* **Activity**:
Retype the line where "Pochette Pochette Lettre" appears and each line that follows it down to the last line of the records below. Leave the pictures out.

*** Exercise data ***

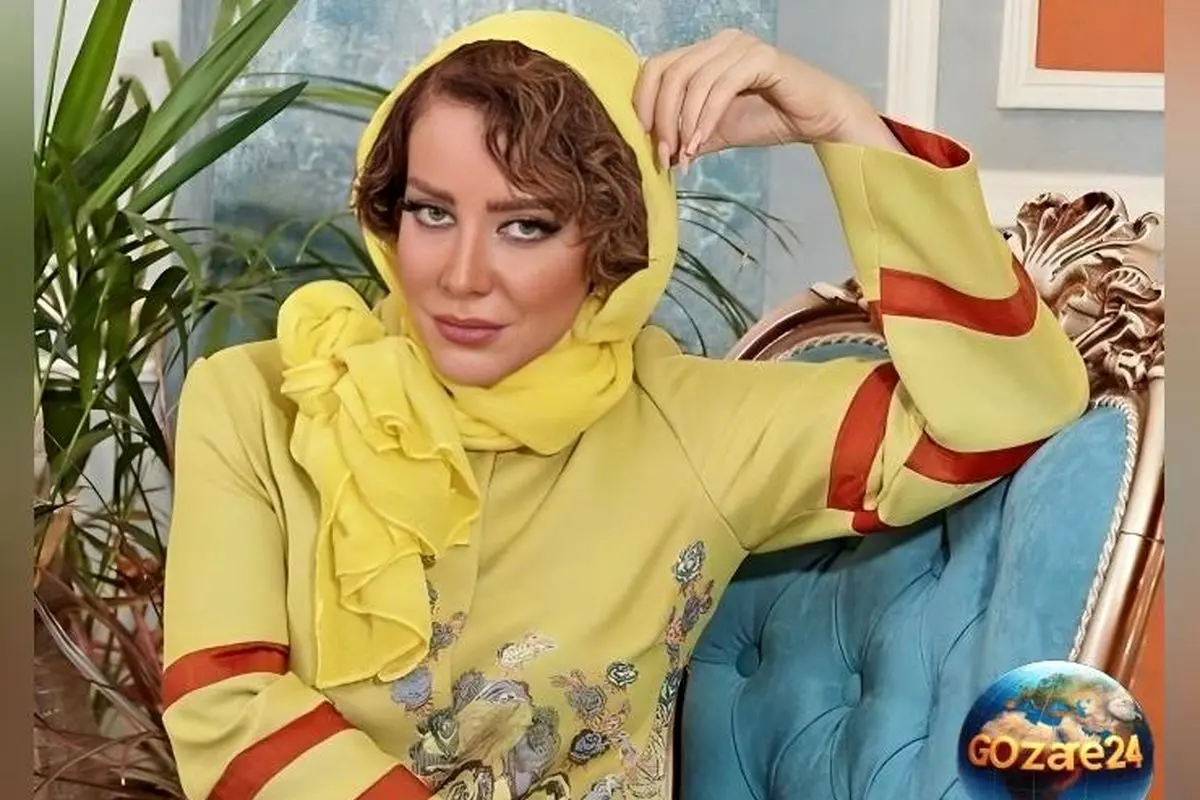 شراره رخام: تفاوت حقوق بازیگران ایرانی و هالیوود؛ از آپارتمان ۲۰۰ متری تا کاخهای لوکس
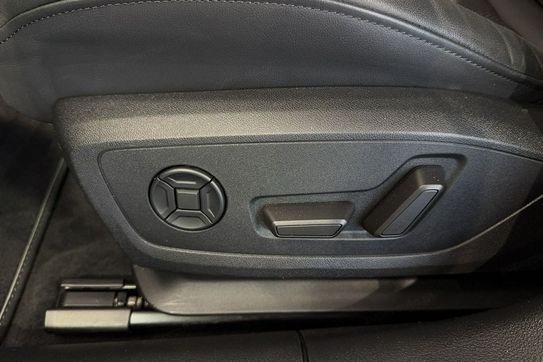 Audi A6 45 TFSI mHEV quattro S Line S tronic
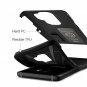 Spigen Tough Armor Designed for Samsung Galaxy S9 Plus Case 2018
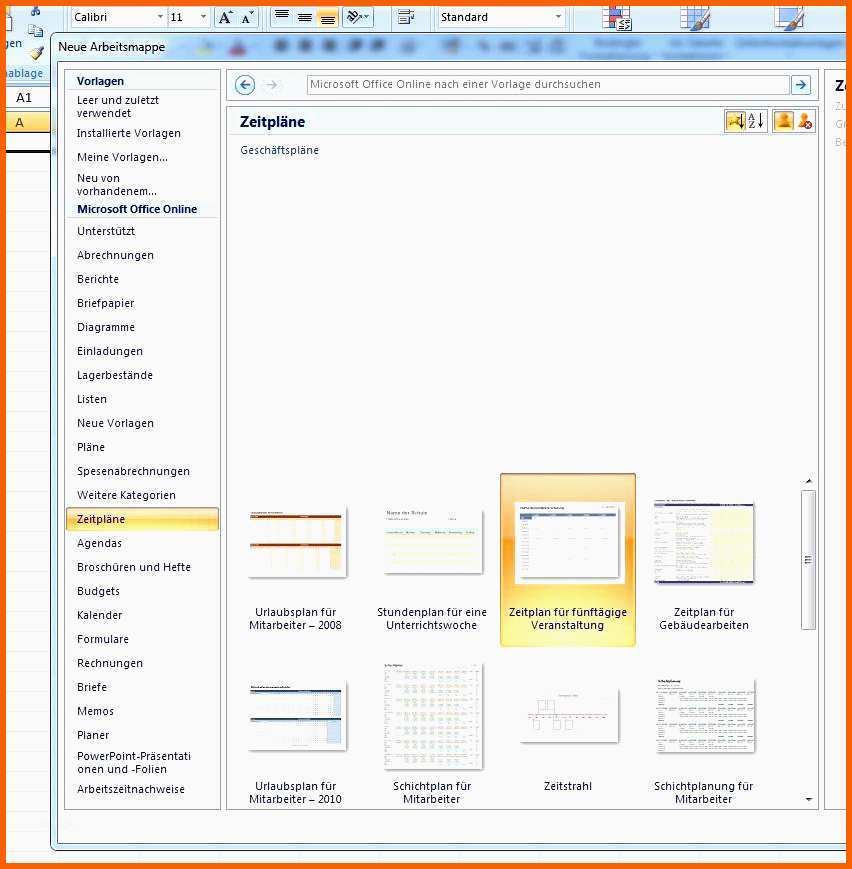 Erschwinglich Dienstplan Erstellen Kostenlos Mac Basic Dienstplan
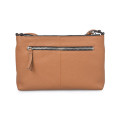 Pochette Pochette Lettre Couleur Tan Petite Pochette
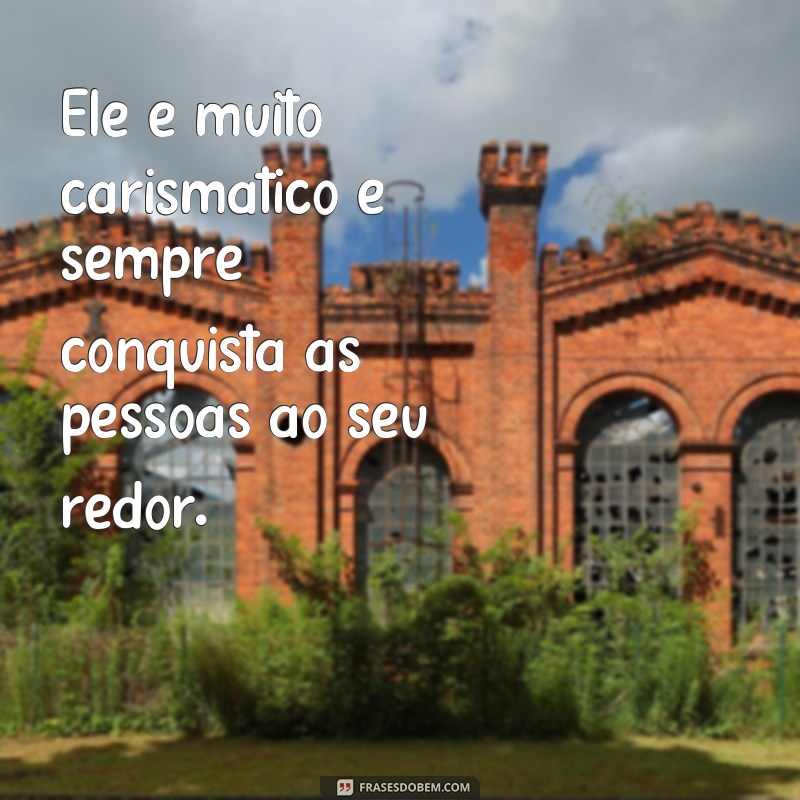 Descubra as melhores frases que revelam o verdadeiro caráter de uma pessoa 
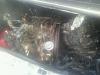 Whats the ideal price/condition you want a rebuildable 13bt s4/s5, block/shortblock ?-rx71.jpg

***

* **Exercise answer**:
 Pochette Pochette Lettre Couleur Tan Petite Pochette
 Descubra as melhores frases que revelam o verdadeiro caráter de uma pessoa 
 Whats the ideal price/condition you want a rebuildable 13bt s4/s5, block/shortblock ?-rx71.jpg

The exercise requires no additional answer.